Peter Bonetti: The Cat among Chelsea’s pantheon of footballing Gods

Not just a goalkeeping legend, a footballing great.

It was Peter Bonetti’s early team-mate Ron Tindall who bestowed upon him the nickname that would outlive both their playing careers – The Cat.

Bonetti went on to justify it over more than two decades to earn his position, in the words of his former club,“in the pantheon of Chelsea footballing gods.”

Hailed by Blues as a "goalkeeping superstar of the 1960s and 1970s”, he was part of England's 1966 World Cup-winning squad as back up to the legendary Gordon Banks.

For Chelsea, Bonetti is best remembered for his two spells – from 1960 to 1975 and from 1977 to 1979. Twice he helped them to earn promotion to the First Division from the second tier.

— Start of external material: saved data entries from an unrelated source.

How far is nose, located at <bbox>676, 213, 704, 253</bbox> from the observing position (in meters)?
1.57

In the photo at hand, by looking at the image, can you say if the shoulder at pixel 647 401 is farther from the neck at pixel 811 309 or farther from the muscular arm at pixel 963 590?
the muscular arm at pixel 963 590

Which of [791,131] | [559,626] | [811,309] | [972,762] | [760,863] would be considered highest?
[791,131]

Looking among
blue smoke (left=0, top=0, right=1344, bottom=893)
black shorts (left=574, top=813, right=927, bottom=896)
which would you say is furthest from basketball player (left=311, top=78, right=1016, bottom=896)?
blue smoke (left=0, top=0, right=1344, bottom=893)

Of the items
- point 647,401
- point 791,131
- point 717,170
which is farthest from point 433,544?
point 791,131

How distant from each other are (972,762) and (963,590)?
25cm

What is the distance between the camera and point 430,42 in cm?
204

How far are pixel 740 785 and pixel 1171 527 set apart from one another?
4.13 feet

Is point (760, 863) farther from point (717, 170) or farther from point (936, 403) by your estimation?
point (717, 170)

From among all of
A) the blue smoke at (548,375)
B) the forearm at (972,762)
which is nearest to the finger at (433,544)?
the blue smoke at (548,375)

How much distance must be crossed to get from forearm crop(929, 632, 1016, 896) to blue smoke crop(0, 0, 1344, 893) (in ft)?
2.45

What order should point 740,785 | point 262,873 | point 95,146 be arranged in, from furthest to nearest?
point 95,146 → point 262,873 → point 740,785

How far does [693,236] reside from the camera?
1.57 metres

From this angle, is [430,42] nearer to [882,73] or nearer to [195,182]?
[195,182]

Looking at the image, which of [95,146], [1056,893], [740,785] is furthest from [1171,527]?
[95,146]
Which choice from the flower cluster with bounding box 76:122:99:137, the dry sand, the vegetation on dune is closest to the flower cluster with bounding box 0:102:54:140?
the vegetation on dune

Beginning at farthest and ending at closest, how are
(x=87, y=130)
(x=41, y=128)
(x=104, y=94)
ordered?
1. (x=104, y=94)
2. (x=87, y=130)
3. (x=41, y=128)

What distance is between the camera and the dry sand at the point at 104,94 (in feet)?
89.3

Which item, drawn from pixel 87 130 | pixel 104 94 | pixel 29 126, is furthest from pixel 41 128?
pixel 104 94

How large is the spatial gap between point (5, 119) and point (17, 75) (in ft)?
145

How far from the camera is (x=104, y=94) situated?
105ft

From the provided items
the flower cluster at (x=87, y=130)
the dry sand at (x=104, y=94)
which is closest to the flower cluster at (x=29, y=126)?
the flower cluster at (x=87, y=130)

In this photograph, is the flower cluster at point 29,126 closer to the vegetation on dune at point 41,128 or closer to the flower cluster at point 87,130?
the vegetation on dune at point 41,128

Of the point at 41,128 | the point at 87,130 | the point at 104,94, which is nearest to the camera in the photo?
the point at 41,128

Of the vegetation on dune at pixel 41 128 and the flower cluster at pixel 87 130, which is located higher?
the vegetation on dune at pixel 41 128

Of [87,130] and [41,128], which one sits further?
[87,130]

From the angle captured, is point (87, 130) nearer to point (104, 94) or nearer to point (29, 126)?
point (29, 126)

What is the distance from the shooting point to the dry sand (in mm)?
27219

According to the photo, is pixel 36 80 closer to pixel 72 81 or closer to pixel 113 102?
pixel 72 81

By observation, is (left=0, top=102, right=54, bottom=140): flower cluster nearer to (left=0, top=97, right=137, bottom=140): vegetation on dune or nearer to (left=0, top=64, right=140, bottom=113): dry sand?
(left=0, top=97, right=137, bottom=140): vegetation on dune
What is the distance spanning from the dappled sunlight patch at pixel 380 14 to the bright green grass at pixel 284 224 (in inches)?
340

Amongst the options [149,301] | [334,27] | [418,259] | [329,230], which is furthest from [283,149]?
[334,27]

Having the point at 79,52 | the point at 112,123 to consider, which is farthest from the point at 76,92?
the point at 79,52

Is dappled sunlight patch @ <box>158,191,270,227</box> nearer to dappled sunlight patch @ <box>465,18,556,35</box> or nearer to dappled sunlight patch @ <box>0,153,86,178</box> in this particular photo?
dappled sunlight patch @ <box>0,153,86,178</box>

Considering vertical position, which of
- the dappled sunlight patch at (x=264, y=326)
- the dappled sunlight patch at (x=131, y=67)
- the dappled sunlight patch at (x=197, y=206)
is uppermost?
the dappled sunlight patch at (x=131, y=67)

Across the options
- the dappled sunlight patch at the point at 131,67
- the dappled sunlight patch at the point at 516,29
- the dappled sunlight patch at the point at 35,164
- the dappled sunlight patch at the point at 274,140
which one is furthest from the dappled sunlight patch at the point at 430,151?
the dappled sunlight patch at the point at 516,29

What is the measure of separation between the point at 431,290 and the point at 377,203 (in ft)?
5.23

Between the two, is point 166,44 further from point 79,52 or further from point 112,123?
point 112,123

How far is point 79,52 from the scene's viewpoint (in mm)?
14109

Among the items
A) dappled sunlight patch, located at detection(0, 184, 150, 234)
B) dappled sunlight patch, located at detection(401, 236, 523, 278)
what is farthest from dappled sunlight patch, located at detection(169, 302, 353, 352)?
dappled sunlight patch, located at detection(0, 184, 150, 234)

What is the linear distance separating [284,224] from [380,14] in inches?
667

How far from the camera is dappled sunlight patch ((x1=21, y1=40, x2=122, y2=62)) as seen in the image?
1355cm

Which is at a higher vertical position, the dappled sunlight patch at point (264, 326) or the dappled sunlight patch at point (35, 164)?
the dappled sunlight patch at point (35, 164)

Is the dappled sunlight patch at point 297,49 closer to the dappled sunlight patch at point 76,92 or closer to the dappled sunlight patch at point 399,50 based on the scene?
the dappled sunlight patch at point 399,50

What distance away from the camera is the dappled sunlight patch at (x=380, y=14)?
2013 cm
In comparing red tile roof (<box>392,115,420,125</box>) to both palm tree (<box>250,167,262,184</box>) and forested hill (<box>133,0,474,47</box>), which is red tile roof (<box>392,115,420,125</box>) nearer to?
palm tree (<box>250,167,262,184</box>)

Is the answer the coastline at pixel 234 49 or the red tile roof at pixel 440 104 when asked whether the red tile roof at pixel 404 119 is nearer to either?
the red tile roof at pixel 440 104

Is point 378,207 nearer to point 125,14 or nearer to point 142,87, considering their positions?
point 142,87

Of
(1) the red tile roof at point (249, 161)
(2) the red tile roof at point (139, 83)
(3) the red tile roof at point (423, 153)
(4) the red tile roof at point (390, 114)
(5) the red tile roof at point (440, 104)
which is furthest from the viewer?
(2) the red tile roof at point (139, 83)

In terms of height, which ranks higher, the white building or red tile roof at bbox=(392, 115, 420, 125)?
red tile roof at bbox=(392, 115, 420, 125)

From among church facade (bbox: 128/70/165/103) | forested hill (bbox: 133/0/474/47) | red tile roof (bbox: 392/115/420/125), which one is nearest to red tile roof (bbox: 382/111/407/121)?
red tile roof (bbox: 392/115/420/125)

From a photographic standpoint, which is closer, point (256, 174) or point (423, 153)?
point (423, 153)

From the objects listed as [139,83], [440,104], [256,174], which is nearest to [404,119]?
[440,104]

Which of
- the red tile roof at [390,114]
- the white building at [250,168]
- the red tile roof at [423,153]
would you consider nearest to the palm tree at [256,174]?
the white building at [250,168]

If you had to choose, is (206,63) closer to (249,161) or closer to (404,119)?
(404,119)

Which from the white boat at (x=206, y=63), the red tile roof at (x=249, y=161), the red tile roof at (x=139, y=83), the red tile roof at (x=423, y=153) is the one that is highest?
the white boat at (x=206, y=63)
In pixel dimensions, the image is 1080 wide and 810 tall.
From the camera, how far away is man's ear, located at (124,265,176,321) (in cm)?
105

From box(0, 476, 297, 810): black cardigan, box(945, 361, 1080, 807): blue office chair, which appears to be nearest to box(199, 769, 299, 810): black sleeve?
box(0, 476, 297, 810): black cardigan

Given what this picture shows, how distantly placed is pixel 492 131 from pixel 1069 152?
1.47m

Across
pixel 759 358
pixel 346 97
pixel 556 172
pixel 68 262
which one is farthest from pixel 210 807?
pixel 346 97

He also lifted the 1965 League Cup, 1970 FA Cup, the UEFA Cup Winners' Cup in 1971 and was voted runner-up for the 1969-70 Footballer of the Year award.

The Cat was a tribute to his celebrated reflexes which routinely frustrated rival clubs and players. Bonetti was also known for his ability to throw the ball long distances with accuracy.

In their tribute, Chelsea highlighted – quite rightly – Bonetti’s pivotal role in that FA Cup final win over Leeds with "his superhuman attempts to thwart the opposition”. His feats had left a TV audience of more than 28m people in the UK spellbound.

Bonetti also pioneered the all-green goalkeeper kit, the catching of crosses and acknowledged the crowd before every game.

News of his passing on Sunday, aged 78 after a long illness, sparked an outpouring of emotion.

Neville Southall, himself an Everton and Wales goalkeeping legend, tweeted: “RIP my friend and one time goalkeeping coach Peter Bonetti.

“A lovely lovely guy. A fabulous goalkeeper. A great coach. A truly fantastic gentleman. Thanks for all your help.”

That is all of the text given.